High Accuracy, High Repeatability – This process of compensation or correction often leads to graph that looks like the third: High accuracy and high repeatability.
Once the results are clustered around the true position like this, the only way to improve accuracy is to improve repeatability. Therefore, repeatability is the lower limit of accuracy.
Repeatability
Repeatability is the variation in the result over many attempts to produce the same outcome, such as moving to the same position, taking the same measurement, or bonding successive stacks of wafers under the same conditions.
Repeatable, inaccurate systems often suffer from systematic errors. Accuracy can be improved by:
- Adjustment, calibration
- Mapping & compensating for errors using the control system. Such errors could include backlash and variation in screw pitch along the length of travel.
Low repeatability is often a sign of environmental factors such as heat causing differential thermal expansion, strain relief, and reset. So environmental control can be a critical part of developing a precision machine or instrument.
V Slot Accuracy Chart
Theoretical and operational resolution
Resolution is the smallest increment of measurement, movement, or other output that a machine or component is capable of.
The resolution of a positioning system is the smallest change that can be commanded and carried out with the desired result.
The resolution of a measuring system, such as a CMM, is the smallest change in the measured quantity that can be detected.
A machine typically has a theoretical resolution that is finer than its operational resolution.

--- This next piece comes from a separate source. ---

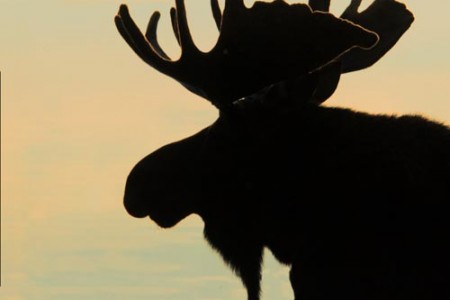 [Images from the Id] Encounters of the Moose...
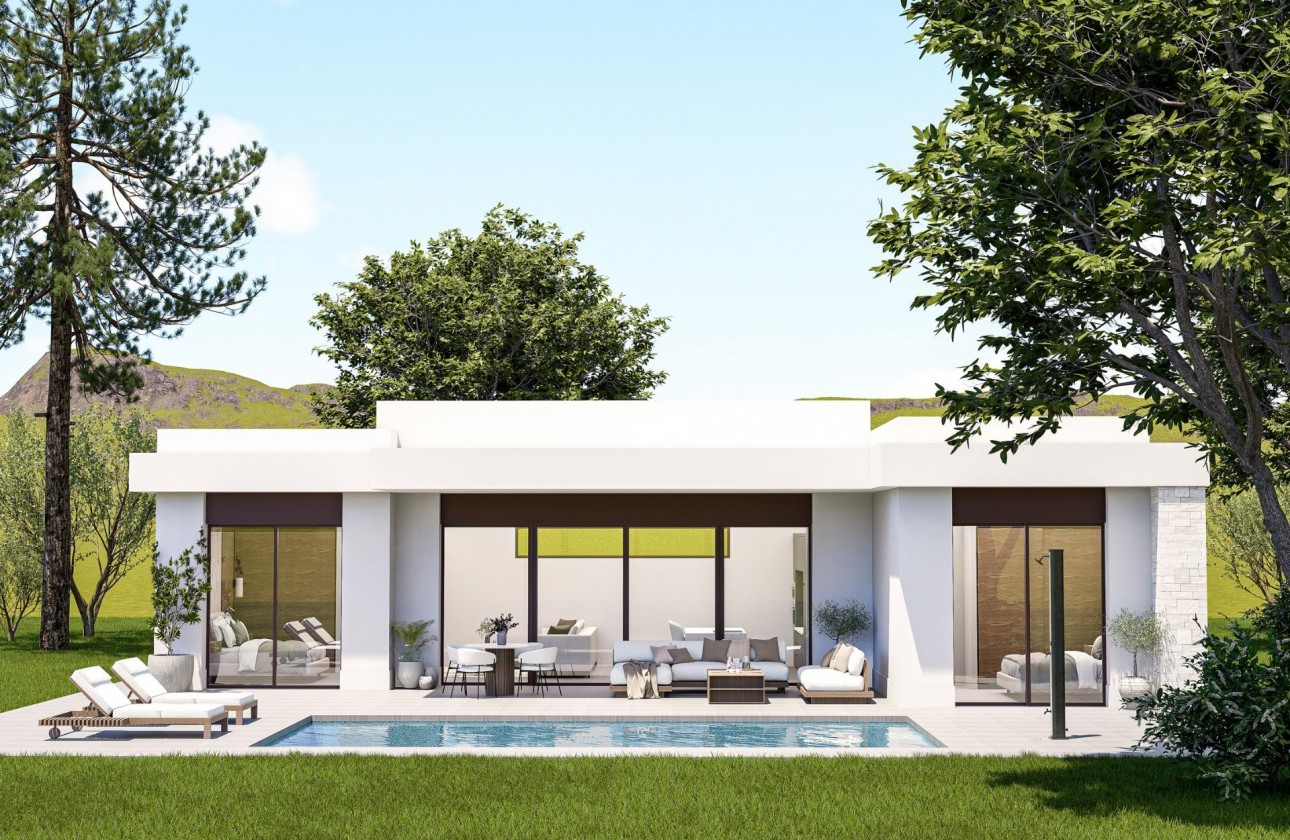 New Build - Detached Villa - Pinoso - Lel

In theory, a certain combination of stepper, gear box, and lead screw may be able to move in 1 nm increments in response to a motor controller input. But stiction (static friction), backlash, hysteresis, and other nonlinear effects might prevent a movement of less than 20 nm from a static start.
V Slot Accuracy Vs
The operational resolution, also known as the minimum incremental motion, is the smallest movement that can be consistently and reliably performed for a given input.
When specifying or characterizing a positioning system, as part of design or troubleshooting, it is important to know and understand both the theoretical and operational resolution. Vendors do not typically publish operational resolution for components. Even if they do, it is likely to be highly dependent on your particular application. So simulation; early prototyping and test; and characterization of the complete system are critical tools for designing a precision machine that will perform as desired.